Your Problem
“Send in Garret,” Nick said, biting down a sigh as Daniels limped out the door. “And go to the nurse.”
John Garrett was a big man – no, kid. Child, really. A child with large arms and hands that he used to punch people and terrorize even small children. He was an asshole, in Nick’s very professional opinion, and he hated having to deal with the kid.
Also, his stupid turtlenecks somehow irritated Nick beyond everything else.
“Sit down,” Nick stated as the door opened, not looking up from the detention form that he was filing out for Marcus Daniels.

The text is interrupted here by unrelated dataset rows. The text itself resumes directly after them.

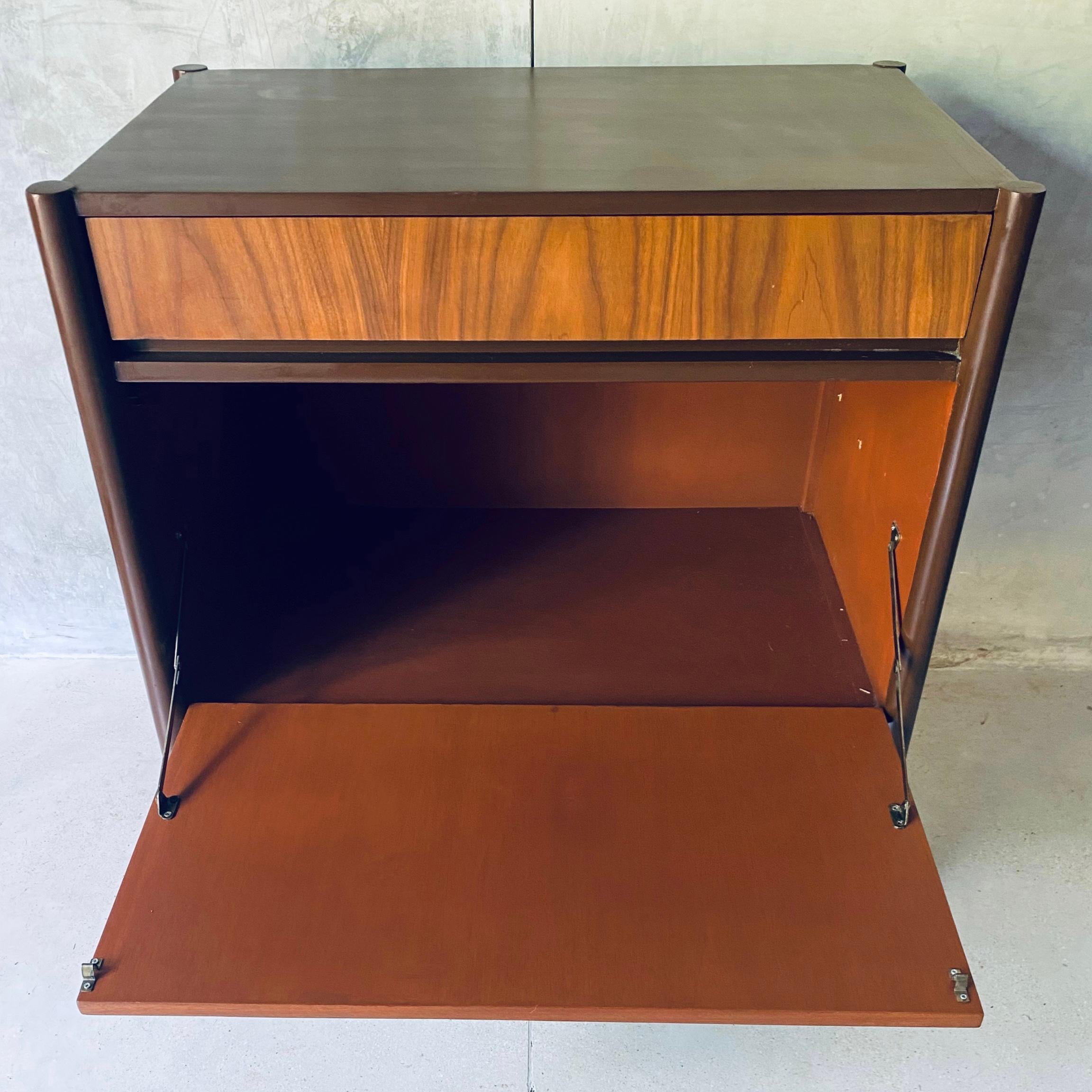 Armario modernista de M. Van Beuren en venta 3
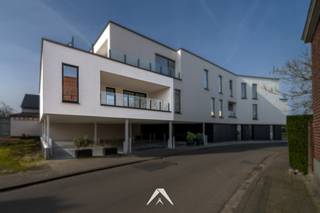 In een kleinschalige residentie wordt dit recent afgewerkte en instapklare appartement van 146 m² op de eerste verdieping aangeboden.Dit appartement...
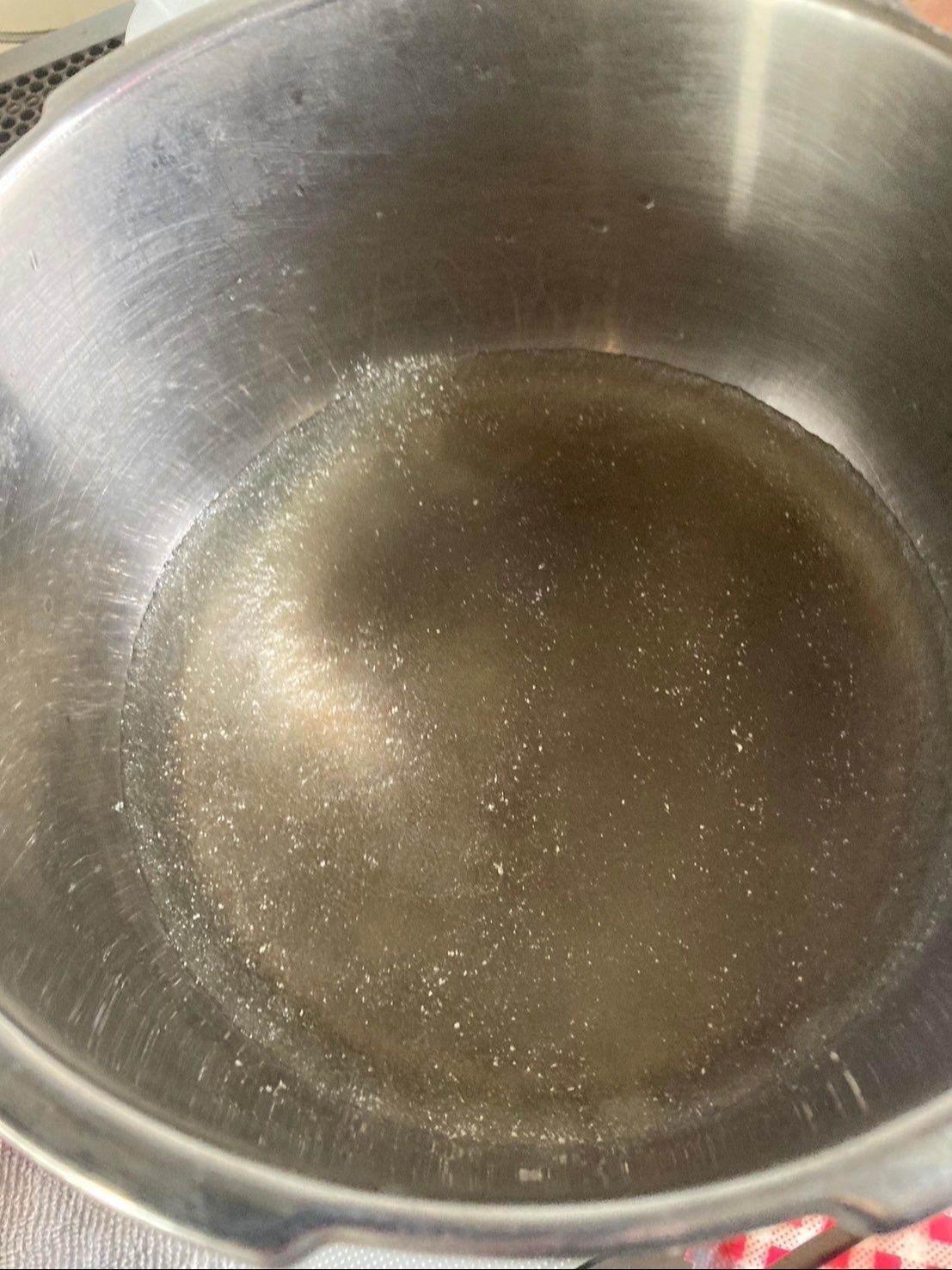 弱火で全体が透明になるくらいまで温めてください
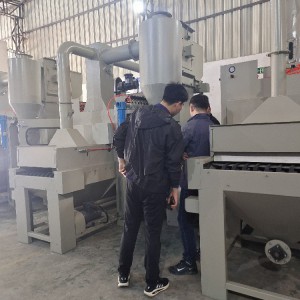 客户案例--防爆输送式喷砂机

“They’re calling her The Cavalry.”
It was far too early for all this bullshit, Nick sighed as he rubbed at his temples. He sighed, “Maria.”
“As far as nicknames go, The Cavalry isn’t that bad, I guess. Better than mine in high school.”
“What?”
“That’s what they’re calling her.”
“May?”
“Yeah.”
“Great.”
“So, are you going to tell me what happened out there?” Maria asked, sitting down across from him.
“I don’t know what happened,” Nick admitted. “Daniels said that May attacked them and you know Garrett and his merry band of sociopaths are going to say the same thing. But-“
“You don’t believe that.”
It was not a question. She knew.
“Should I have any reason to believe that? It is not like Garrett hasn’t started shit just like this before with other students.”
“How does one person take out four people at once, alone, and their hair still look that good?”
“You’ve done it.”
“I’m a S.H.I.E.L.D. agent.”
“She’s clever.”
“Yeah, she’s got some skills,” Maria agreed. “Did you know she could fight?”
“No.”
“Okay, so, other than her favorite color being blue and she’s good at foreign languages, what do you actually know about this girl?”
“She grew up in Canada.”
“What else?”
Nick didn’t respond, choosing instead to finish the form.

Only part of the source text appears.